Refinement of DNA methylation profiles using in silico purification. a Matrix showing the 26 pLGG samples from the Sturm dataset that became classifiable through purification, indicating how many became classifiable by removing each of the five cell types and the overlap between samples classifiable under either removal in each cell type pair. Numbers and color intensity represent sample count. b Histograms showing the fraction of non-malignant cell signal removed for optimal classification in all 410 pLGG samples from the Sturm dataset. Samples are grouped by classification status: initially classifiable (left), newly classifiable post-purification (middle), and non-classifiable (right). c t-SNEs of 579 Capper reference samples, comprising control (n = 68) and low-grade glioma (n = 511) cases, combined with either the unpurified (left) or purified (right) methylation profiles of the 26 Sturm samples that became classifiable after purification. Colors indicate the highest-scoring methylation class. The 26 Sturm samples are shown as larger, numbered dots to allow for comparison across panels

Interestingly, when the algorithm was applied to initially classifiable samples of the Sturm et al. cohort, only small fractions of non-malignant signatures were removed, typically ≤ 10% (93%, n = 281) and never exceeding 25%, suggesting that purification had little impact on strong initial classifications (Fig. 5b). In contrast, samples that became classifiable after purification required 10 to 50% subtraction to maximize tumor class scores, suggesting that moderate abundance of non-malignant cells obscured tumor signals but could be computationally corrected. Non-classifiable cases that remained unclassified post-purification showed a bimodal pattern: 51.2% (n = 42) reached their maximum score with < 20% removal, and 34.1% (n = 28) with ≥ 60%. Similar observations were made for the Hardin et al. cohort (Fig. S1e).

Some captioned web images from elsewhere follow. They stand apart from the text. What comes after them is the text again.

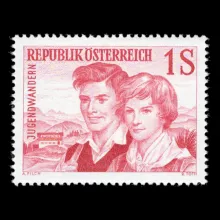 Michel 1076 - Youth hiking, mint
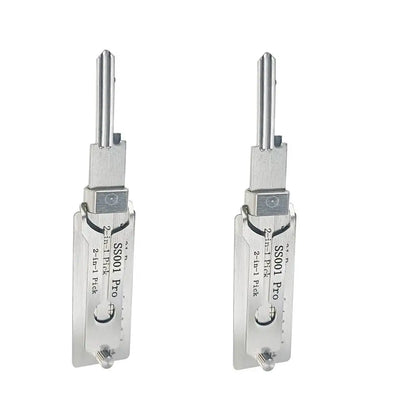Stainless Steel Key Decoder 2 In 1 Precision Hook & Pick Set Lock Decoder O-ring Pickup Kit Maintenance Repair Hand Tools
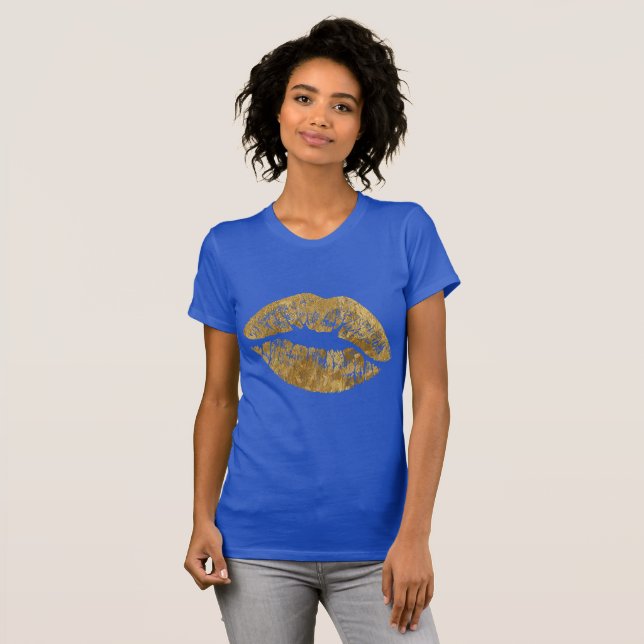 Camiseta del beso del efecto del Relieve (Anverso completo)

To further assess the impact of purification on methylation profiles, we generated paired t-SNE plots of either the unpurified or optimally purified profiles of the 26 Sturm et al. samples that became classifiable following purification, combined with reference low-grade glioma (n = 511) and control (n = 68) samples. The embedding based on the purified profiles appeared visibly sharpened and showed clear repositioning: 7 samples (26.9%) shifted from control clusters toward their corresponding tumor clusters, while 2 additional samples showed directional movement toward their target clusters without fully reaching them (Fig. 5c). Another 7 samples that were already positioned close to their tumor clusters moved post-purification even closer to their cluster centers, and 6 samples maintained their appropriate initial positioning. Overall, 16 of the 26 samples (61.5%) showed improved spatial positioning following purification, and 6 additional samples maintained favorable locations, indicating that purification not only enables confident classification using the Heidelberg Classifier but also sharpens underlying tumor methylation profiles.

Lastly, to investigate why many initially non-classifiable samples remained unclassifiable despite purification, we examined array-level quality control metrics across initially classifiable, newly classifiable, and persistently non-classifiable samples. In all three datasets (LOGGIC, Sturm, and Hardin), all samples with more than 1% of probes showing detection p-values greater than 0.01 were persistently non-classifiable (Fig. S2, Suppl. Table S7), suggesting that in some cases, technical quality issues rather than low tumor cell content limit classifiability.